Rédigé au XVIe siècle, peu après l’arrivée des Espagnols, le manuscrit retrace plusieurs étapes de l’histoire mexicaine, de la naissance de l’empire jusqu’à la conquête espagnole. Constitué de 25 feuillets, il mêle les traditions graphiques préhispaniques à des représentations témoignant des transformations intervenues après l’arrivée des Européens.
Un manuscrit au cœur des demandes de restitution
Le retour temporaire du Codex Azcatitlan au Mexique intervient à l’occasion du bicentenaire des relations diplomatiques entre les deux pays. Le document doit rester exposé à Mexico jusqu’à la fin de l’année, offrant au public mexicain un accès exceptionnel à une pièce considérée comme majeure pour l’étude de l’histoire autochtone.
Le manuscrit a été donné à la Bibliothèque nationale de France en 1898 par la veuve du collectionneur franco-mexicain Eugène Goupil. Il avait auparavant été rapporté en France par Joseph Marius Alexis Aubin, chercheur français spécialisé dans les cultures autochtones d’Amérique. La BnF indique que le don était assorti d’une condition prévoyant la conservation de la collection dans son intégrité.
Le gouvernement mexicain souhaite toutefois aller au-delà de ce prêt temporaire. La présidente Claudia Sheinbaum avait demandé à Emmanuel Macron la restitution du Codex Azcatitlan ainsi que celle du Codex Borbonicus, autre manuscrit conservé en France et consacré notamment aux calendriers de la civilisation mexica.
Le patrimoine préhispanique au centre des revendications mexicaines
Depuis plusieurs années, le Mexique mène une politique active de récupération de pièces historiques conservées à l’étranger.

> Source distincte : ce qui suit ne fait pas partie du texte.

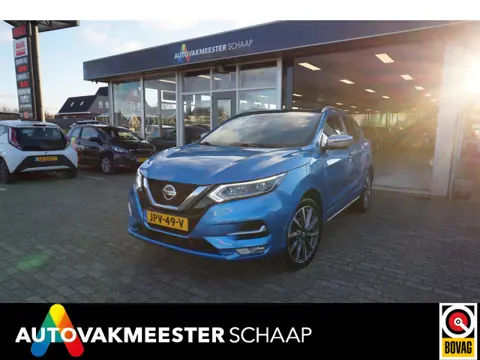 Nissan QASHQAI 1.3 DIG-T Tekna + , Automaat , Incl 12 mnd bovag garantie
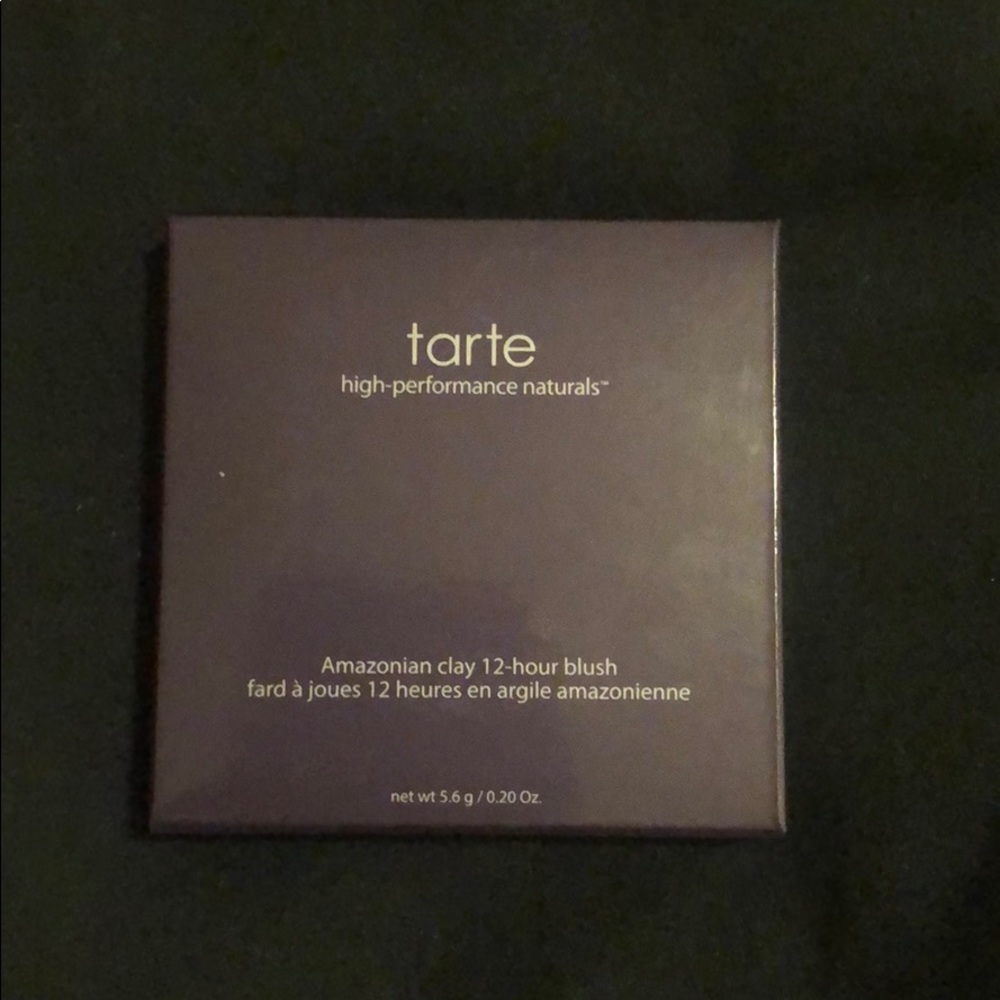 Tarte blush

Selon l’Institut national d’anthropologie et d’histoire, plus de 16 000 objets auraient été rapatriés depuis 2018 en provenance de différents pays. Les autorités mexicaines considèrent ces biens comme des éléments essentiels de la mémoire nationale.
Le Codex Azcatitlan occupe une place particulière dans cette démarche. L’anthropologue Diego Prieto souligne que ses illustrations associent des éléments du système graphique préhispanique à des représentations liées à la conquête espagnole et aux changements culturels, urbains et architecturaux qui ont suivi. Le manuscrit constitue ainsi un témoignage de la période de transition entre les sociétés autochtones et le nouvel ordre imposé après la conquête.
La question de son retour définitif reste néanmoins distincte de celle de son prêt. Les deux codex conservés en France n’ont pas été concernés par la loi adoptée en mai pour faciliter certaines restitutions d’œuvres spoliées durant la période coloniale. Le Mexique continue donc de défendre leur retour, tandis que leur présence temporaire à Mexico permet désormais au public de redécouvrir des documents qui occupent une place centrale dans l’histoire du pays.